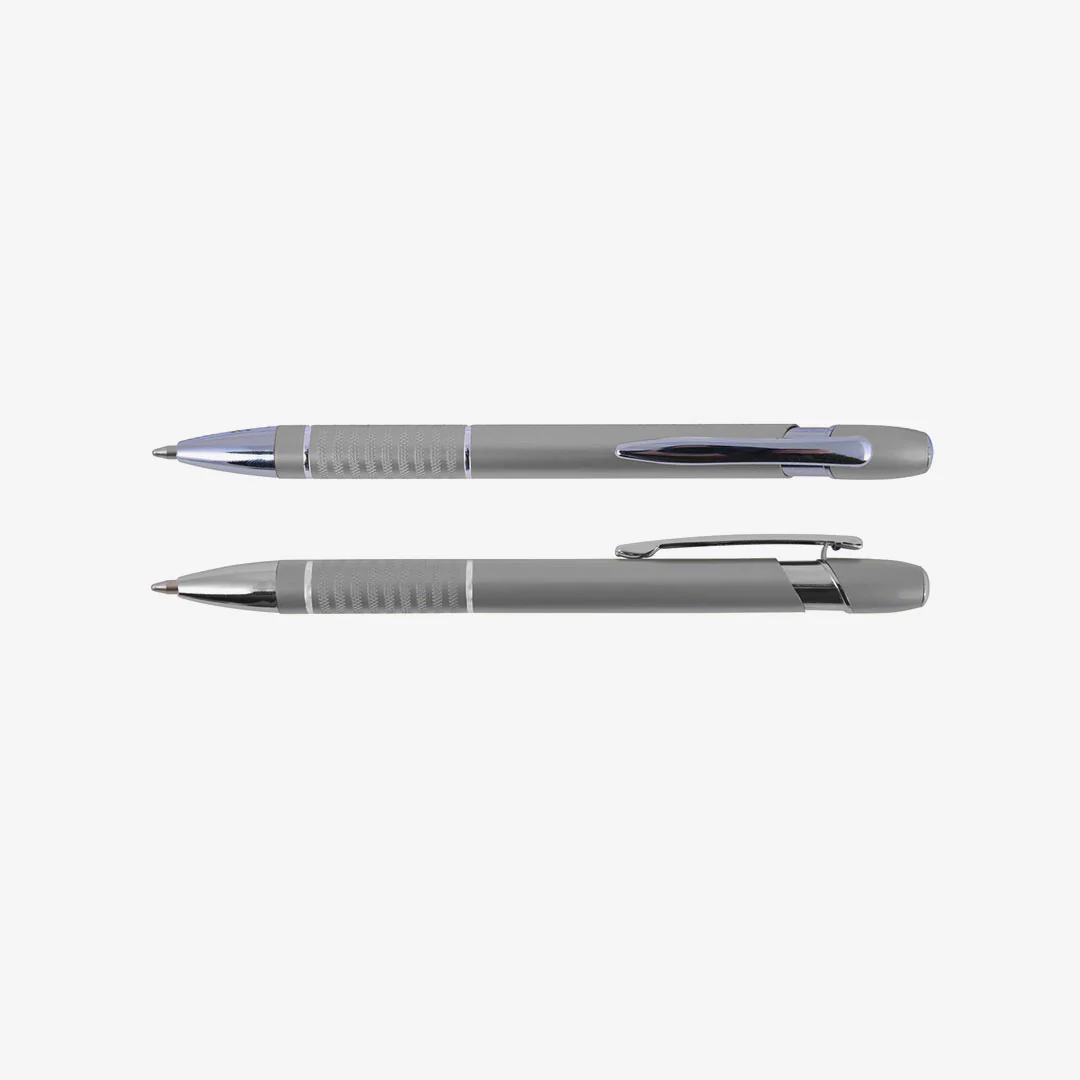 Logo Line Miami Pen - Image 4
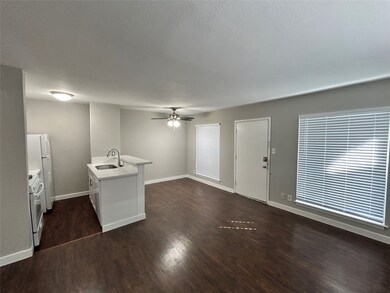 1401 Kipling St unit 14, Houston, TX 77006 - photo 5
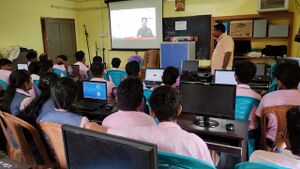 23043-Hitech Lab.jpeg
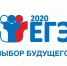 news109400_1 - Отдел образования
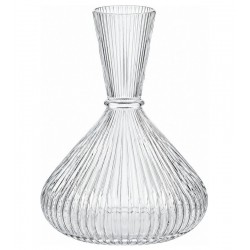 Decanter 2L de Vidro 24cm
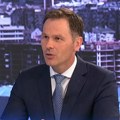 Naredne nedelje će doći važni ljudi u Srbiju: Mali o Expu, povećanju plata, penzija i minimalca
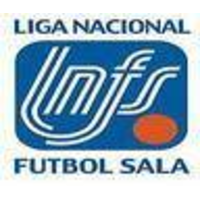 SPA Futsal Honor Division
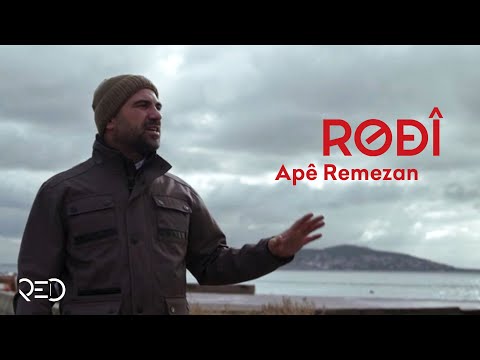 Rodî - Apê Remezan (Official Video)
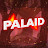 Palaid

DESCRIPTION OF THE TASK: Give back every entry verbatim. No pictures belong in the copy.

WORKED SOLUTION:
 Logo Line Miami Pen - Image 4
 1401 Kipling St unit 14, Houston, TX 77006 - photo 5
 23043-Hitech Lab.jpeg
 news109400_1 - Отдел образования
 Decanter 2L de Vidro 24cm
 Naredne nedelje će doći važni ljudi u Srbiju: Mali o Expu, povećanju plata, penzija i minimalca
 SPA Futsal Honor Division
 Rodî - Apê Remezan (Official Video)
 Palaid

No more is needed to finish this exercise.